Karalis: Celtics narratives are being rewritten, and there's an even better story unfolding taken at BSJ Headquarters (Celtics)

(Peter Casey-USA TODAY Sports)

It’s funny to watch narratives shift in real time. 

The same phenomenon that was used to cut the Celtics down in their run-up to the title is now being used to build them back up. It’s like watching one of those jumbotron bits where people are eating but the video is in reverse.

The re-framing of the discussion of the Celtics has begun in earnest. With a championship in hand, the Celtics can now grab the script from all the talking heads, pull out their red pens, and start making some corrections. 

“Failures” are now “adversity.” 

“Can’t get the job done” is replaced with “learning process.”

“Awkward-looking idiot” is now “handsome reporter and smart podcaster.” 

What? I can’t try to sneak one in while we’re here?

As the confetti rained down onto the parquet, it erased the negative narratives around the Celtics and forced them to be looked at in a new light. As ESPN shifts away from the NBA season and into the draft and free agency, they had one day to fill with praise for Boston.

The Celtics season is now being considered among the most dominant in NBA history, even though it most certainly was not discussed that way as these numbers were being compiled.

  • The Celtics held 20-point leads in 50 of 101 games they played, something only the 2017 Warriors did. 

  • They have 15 more regular season and playoff wins than anyone, the sixth team in history to do that.

  • The Celtics' .792 winning percentage is second only to the 1986 Celtics.

  • Their point differential of +10.7 is the fifth-best in NBA history.

  • Boston had the most wins by 50, 40, 30, and 25 points. 

Those stats were on their way to being compiled before the playoffs. They were certainly enhanced by easy (in terms of number of games) victories over Miami, Cleveland, and Indiana heading into the Finals. They added to these stats in the Finals, but these were mostly there five games ago. 

But why are they only now part of the national discussion?

Because winners write history. 

A championship is the best antiseptic for bad takes. And as much as I preach the focus should be on the process, human nature makes that impossible. 

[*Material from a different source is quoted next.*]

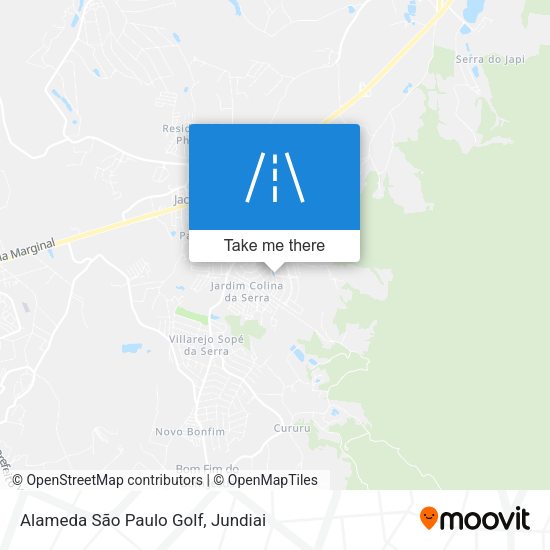 Alameda São Paulo Golf map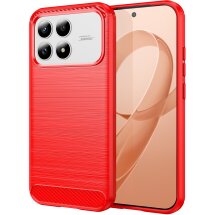 Силиконовый (TPU) чехол UniCase Carbon для Xiaomi Poco F9 Pro - Red: фото 1 из 8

Again, all of those stats were there ahead of the Finals. The domination had been completed before they won four more games. What these players accomplished was done and documented. Not winning a championship doesn’t change any of what they had already accomplished. 

But that's not how the world works. It doesn’t matter if everyone watched a chef prepare the best meal in the world. If the waiter drops the food on the way to the table, no one gets to enjoy it. No matter what we think in that moment, the best food someone ever tasted would be from somewhere else. 

Sports is a zero-sum game. In the end, there must be a winner and a loser. They don’t cut trophies in half. 

I said before Game 4 that it was time to see this team for what it is. That's starting to happen. The golden glow of the Larry O’Brien trophy is already working its magic. By the time the team jumps onto the duck boats on Friday, the ink will be dry on many of the revisions. 

Or maybe that's not how we should look at it. 

Maybe we wouldn’t have to make the revisions if we just let the story be written as it’s happening. By doing it this way, we become the Seinfeld girlfriend who guesses all the wrong endings to his sentences. We keep having to go back and fix the story. We keep missing the little teases along the way to the next thing that might happen. 

Jaylen Brown signed his extension last summer. Jayson Tatum is getting one any minute now. Derrick White is next. Jrue Holiday and Kristaps Porzingis already got theirs. Al Horford has one more year left on his deal. This whole team is coming back. And they're coming backed armed with two things now: The pain of the failures of the past, and the joy of overcoming them because of what that pain taught them.

“Everything I've learned in the past two years just kind of prepared us for this,” White said through mangled teeth in the aftermath of Game 5. “They were trying to say we weren't battled tested; I'm like, What do you think the last two years was? Did that not mean nothing?”

It actually meant everything. 

Winning the Finals two seasons ago would have been the wrong thing for Boston because it would have reinforced their worst habits. Completing the comeback against Miami last season would have been wrong because it would have told them taking certain part of the journey lightly can be forgiven. 

We can look back and say they needed those experiences just like we can look back at this season and say those two years helped create one of the most dominant true teams in NBA history. 

We won’t know how truly great this team is until the full story is told. Everyone is coming back next season, which is rare. They have learned that sacrificing for each other works pretty damn well. 

They're writing one hell of a story. Let’s enjoy it.